▶ **PROBLEM TO WORK ON**
Line by line, the data below should be set down unchanged, with images excluded.

▼

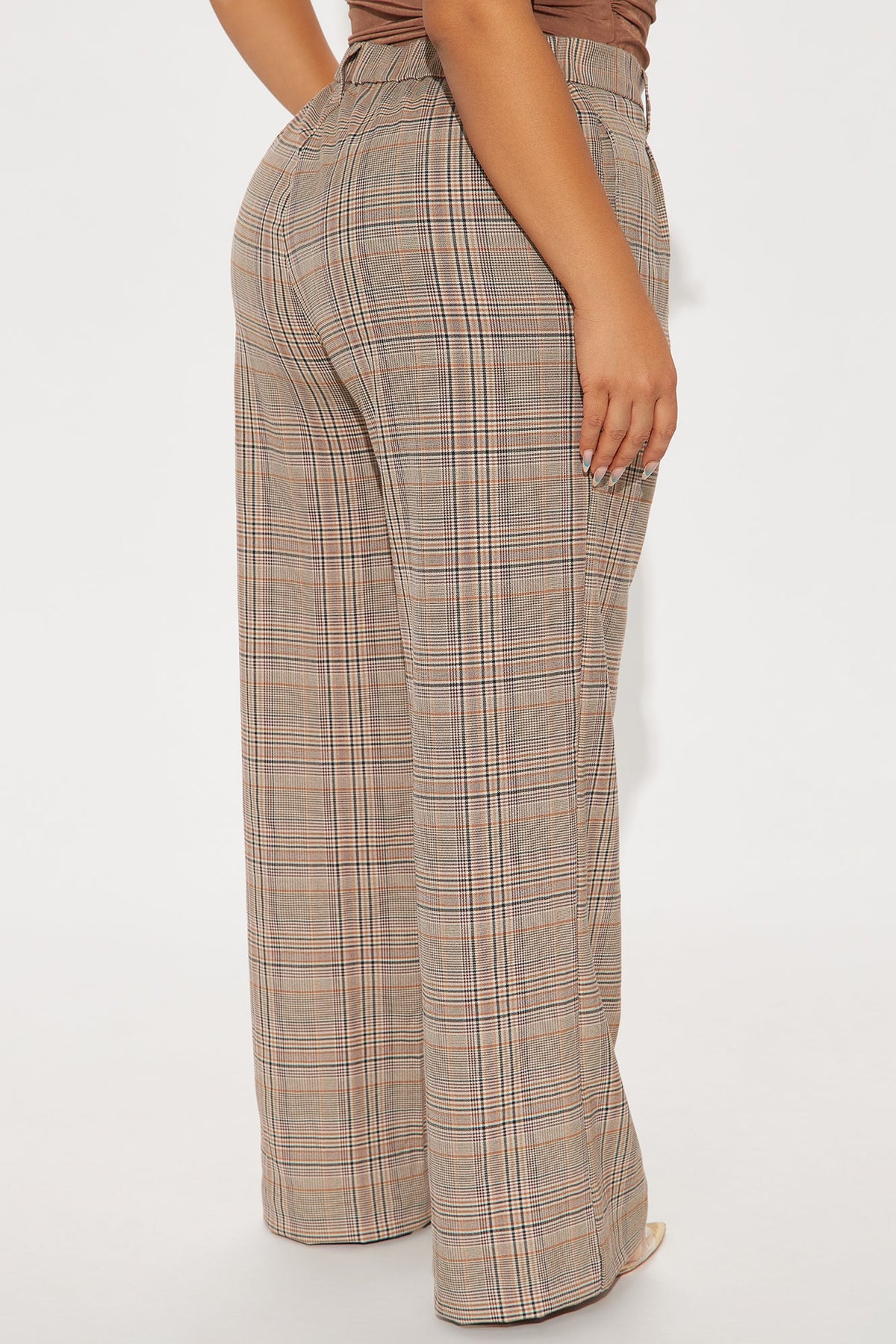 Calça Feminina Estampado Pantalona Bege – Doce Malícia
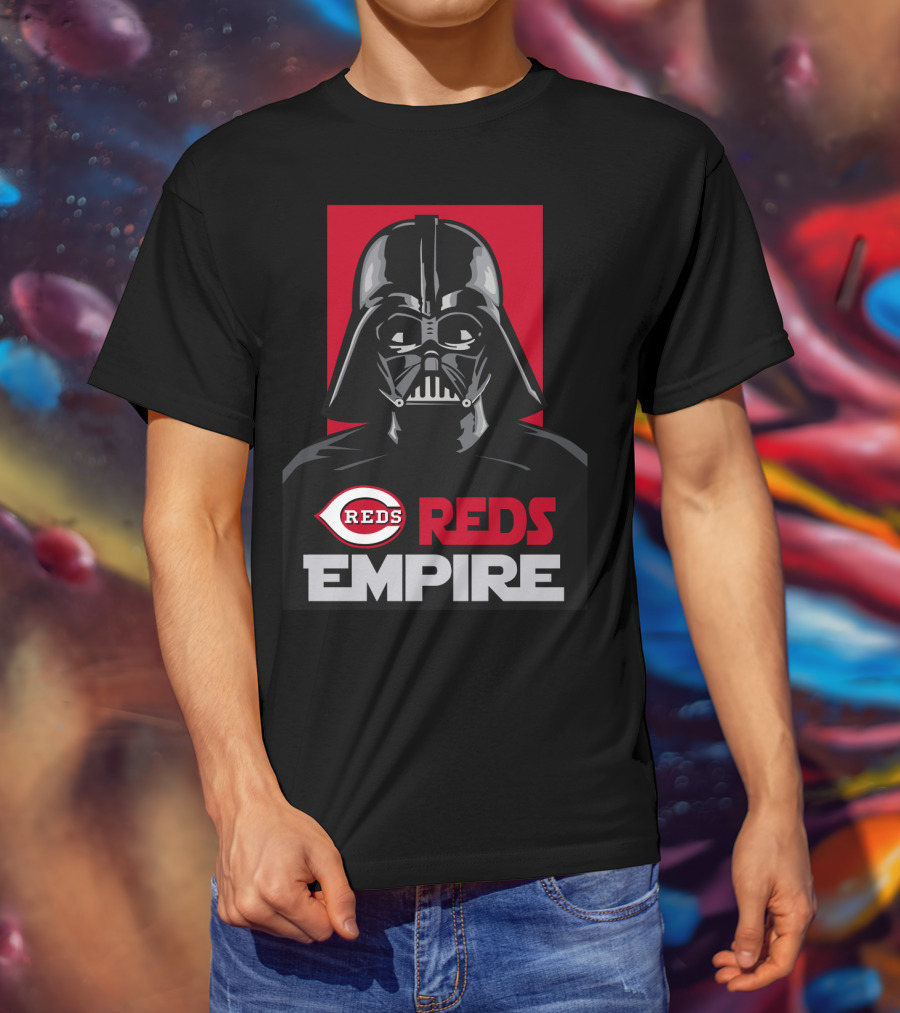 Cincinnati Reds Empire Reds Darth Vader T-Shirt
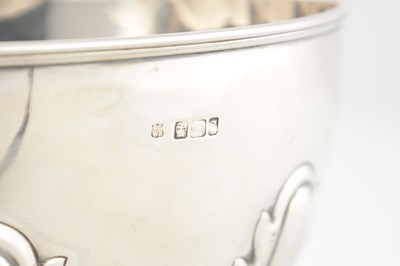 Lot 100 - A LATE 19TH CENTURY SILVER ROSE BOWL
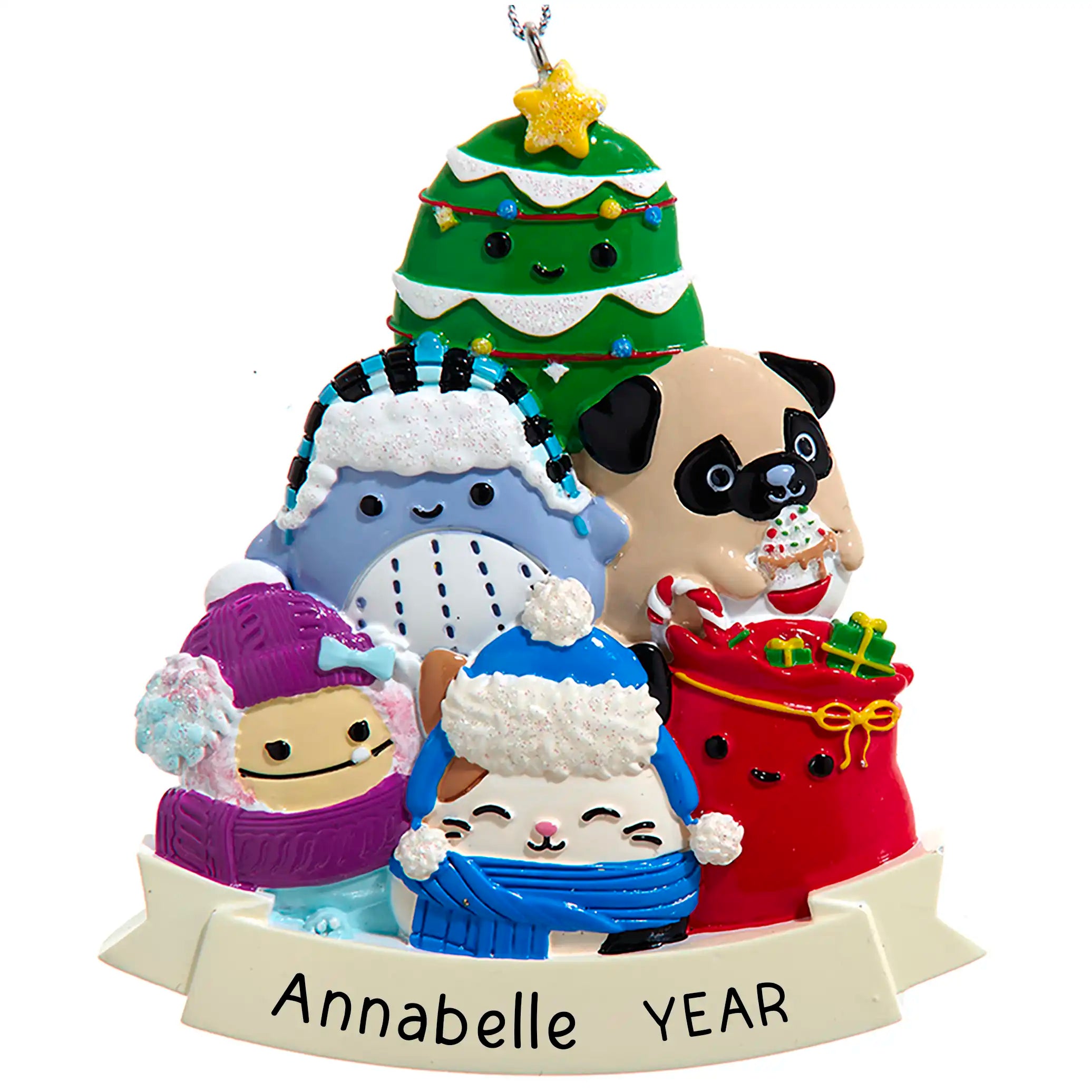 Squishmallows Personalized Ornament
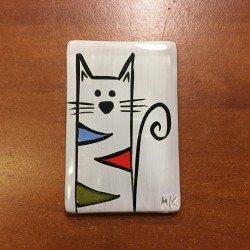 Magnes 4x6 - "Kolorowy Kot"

▲

▶ **RESPONSE BOX**
 Calça Feminina Estampado Pantalona Bege – Doce Malícia
 Cincinnati Reds Empire Reds Darth Vader T-Shirt
 Lot 100 - A LATE 19TH CENTURY SILVER ROSE BOWL
 Squishmallows Personalized Ornament
 Magnes 4x6 - "Kolorowy Kot"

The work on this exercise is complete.